以上のように、様々な困難がありながらもあこきや帯刀の活躍の甲斐もあって少将とおちくぼの君は結ばれます。平安時代の王朝文学は『源氏物語』をはじめ優美な印象が強いかもしれませんが、『落窪物語』では先に述べたように糞が出てくる場面もあり、どちらかというと下品なことまで詳細に描いています。このような点も『落窪物語』の特徴でしょう。更に、この物語の特徴として勧善懲悪が挙げられます。『シンデレラ』でもグリム童話の原作では、直接シンデレラが手を下した訳ではありませんが、継母、その娘たちに制裁が下されています。『落窪物語』でも、おちくぼの君が直接手を下す、または直接制裁を命じるような発言はしていませんが、主に少将によって継母らに制裁が下されます。その場面が描かれているのが『落窪物語』の第二部「継母らへの報復」になります。
この場面も詳しく見ていきましょう。
継母の娘である四の君の婿相手として少将が選ばれ少将のもとに縁談話がきますが、少将は既におちくぼの君の結婚している身であり、おちくぼの君以外の妻は娶らないと誓っています。そんな少将は縁談話をわざと受け、少将の代わりに面白の駒という顔が面白い(不細工)な男を逢わせ四の君と結婚させてしまいます。更に、清水詣[vi]や賀茂祭[vii]の見物の妨害をします。当時の貴族は牛車[viii]に乗りその中から祭の見物をしていました。見物する場所は位の高い貴族が優先的に場所を取れることもあり、しばしば祭では場所を争って貴族の従者たちが争う事件が起きていました。そのような争いの場面は『源氏物語』にも描かれています。

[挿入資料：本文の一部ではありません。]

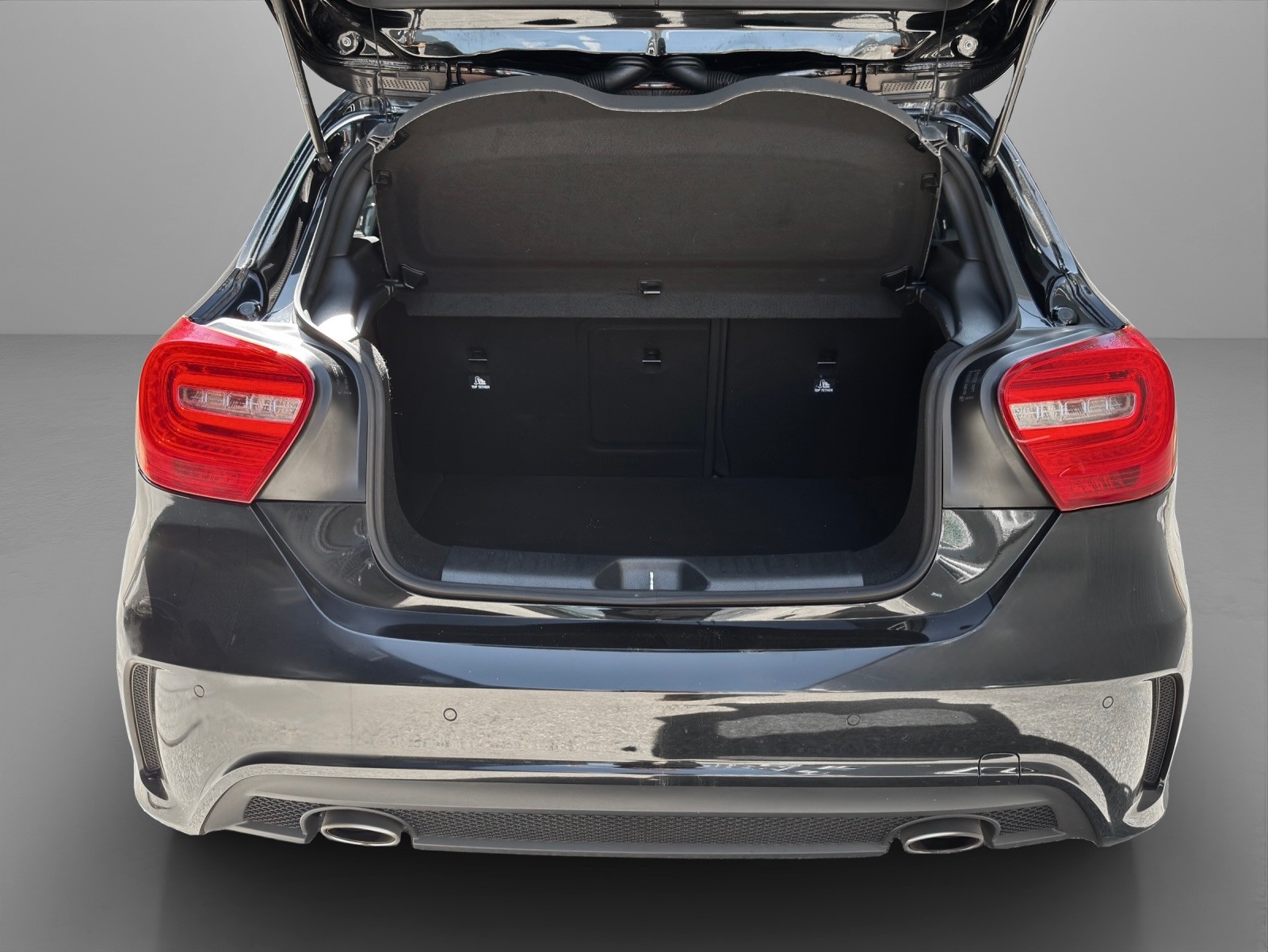 MERCEDES-BENZ A 180 AMG Line 7G-DCT - 12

最後に描かれる報復は、「中納言一家が引っ越そうとしていた三条邸を奪い、おちくぼの君と少将の邸宅とする場面」です。しかしその後、中納言一家を邸宅に招き、おちくぼの君が少将の妻であることを知らせ、お互い和解したのです。しかし、継母だけは最後まで謝罪もせず態度は改善しませんでした。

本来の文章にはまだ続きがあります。